======== Data provided

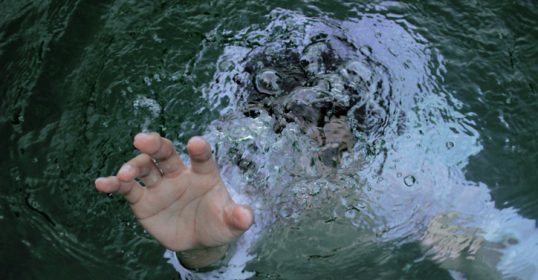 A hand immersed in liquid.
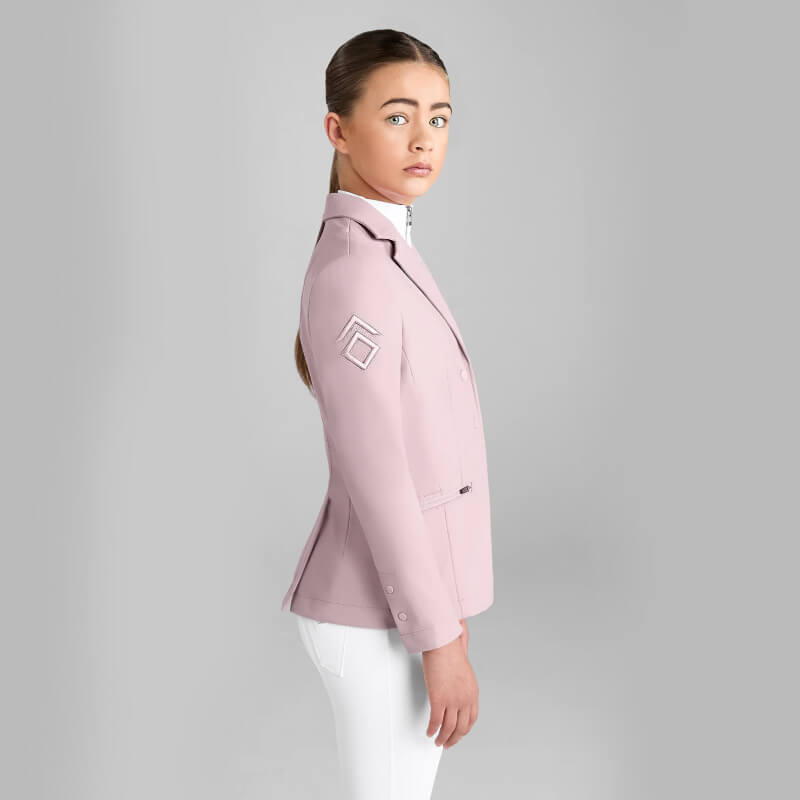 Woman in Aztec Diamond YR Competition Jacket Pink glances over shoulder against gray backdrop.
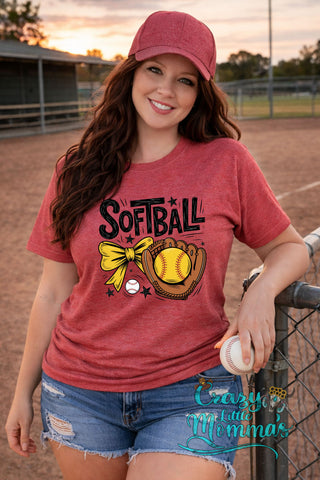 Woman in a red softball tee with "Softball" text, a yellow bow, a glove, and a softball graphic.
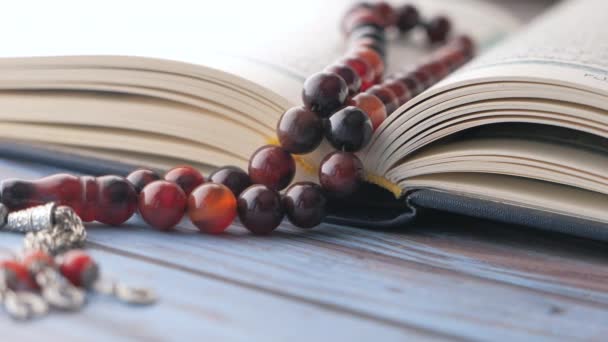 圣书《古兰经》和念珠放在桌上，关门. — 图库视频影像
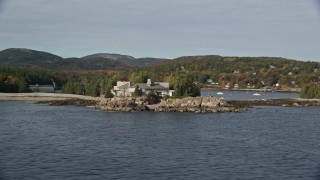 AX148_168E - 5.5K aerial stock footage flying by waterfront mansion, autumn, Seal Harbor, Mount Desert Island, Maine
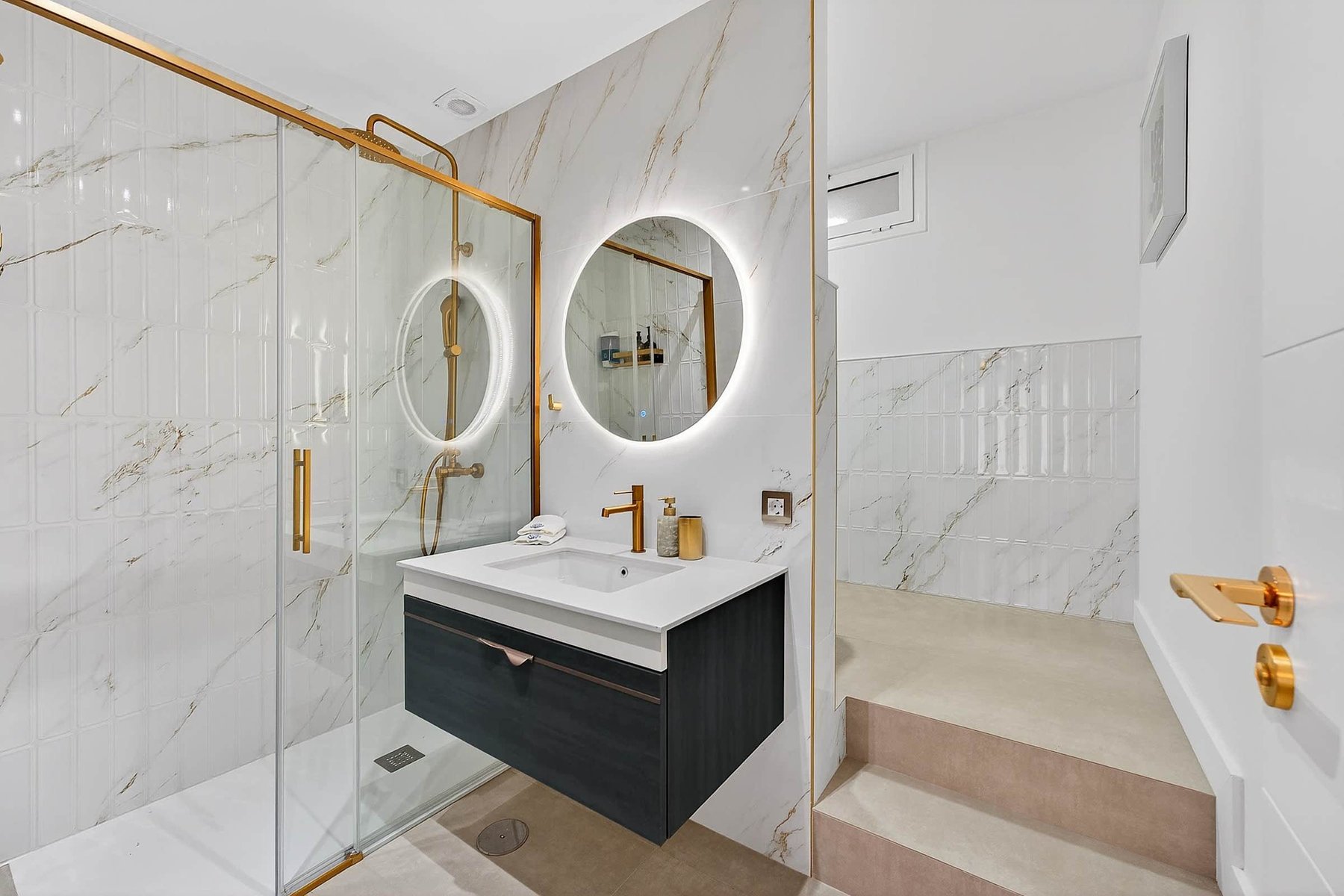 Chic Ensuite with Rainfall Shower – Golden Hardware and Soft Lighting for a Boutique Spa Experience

================

- [What you are asked to do]: Retype every entry above exactly, leaving out the pictures.

- [Solution]:
 A hand immersed in liquid.
 Woman in Aztec Diamond YR Competition Jacket Pink glances over shoulder against gray backdrop.
 Woman in a red softball tee with "Softball" text, a yellow bow, a glove, and a softball graphic.
 圣书《古兰经》和念珠放在桌上，关门. — 图库视频影像
 AX148_168E - 5.5K aerial stock footage flying by waterfront mansion, autumn, Seal Harbor, Mount Desert Island, Maine
 Chic Ensuite with Rainfall Shower – Golden Hardware and Soft Lighting for a Boutique Spa Experience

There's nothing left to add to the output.